MINNEAPOLIS — Dr. Michael Osterholm with the University of Minnesota says it's easy to forget about the flu when you're already dealing with a COVID pandemic.
But up until just recently, he says influenza was the number one biological threat to humans.
"To date we've been lucky in terms of the last 40 to 50 years,” Osterholm said.
That's why Dr. Osterholm, along with the Center for Infectious Disease Research and Policy, and more than 140 experts around the world, are now working together to change the way we study, treat and prevent influenza.
They’re calling it their Influenza Vaccines Research and Development Roadmap.
"These vaccines are largely based on technologies that came from the 1940's — growing virus in chicken eggs — and we need to modernize that,” Osterholm said.
Osterholm says the timing for this new effort couldn’t be better.
The medical community has learned a lot from the COVID pandemic and many of those lessons can be applied to influenza.

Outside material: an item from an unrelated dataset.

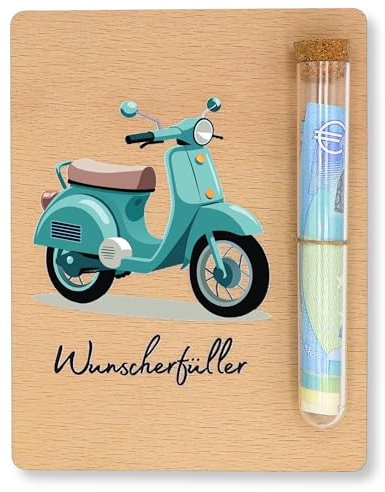ZUKLA Verpackung Geldgeschenk Moped - 13 x 10 cm - mit Reagenzglas - Holz - Vespa Geschenke für Männer & Frauen - Geldgeschenke Geburtstag Roller - Vespa Spardose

He says the timing is also perfect in terms of public perception.
“The world is now aware of what a pandemic can do. People are understanding the toll it can take, the costs it can have on our society and our health,” Osterholm said.
Now that experts have a plan, next is to put into action.
Osterholm says it will take lot of time, effort and funding to make it happen, but in the end, he says that initial investment will pay for itself if we can prevent even just one pandemic.
"Look at what this pandemic has done in terms of global shipping, trade, travel. It has been so costly. It would really be something if we could prevent this in the future. An investment of a lot of money will just be a small down payment to prevent those things from happening,” Osterholm said.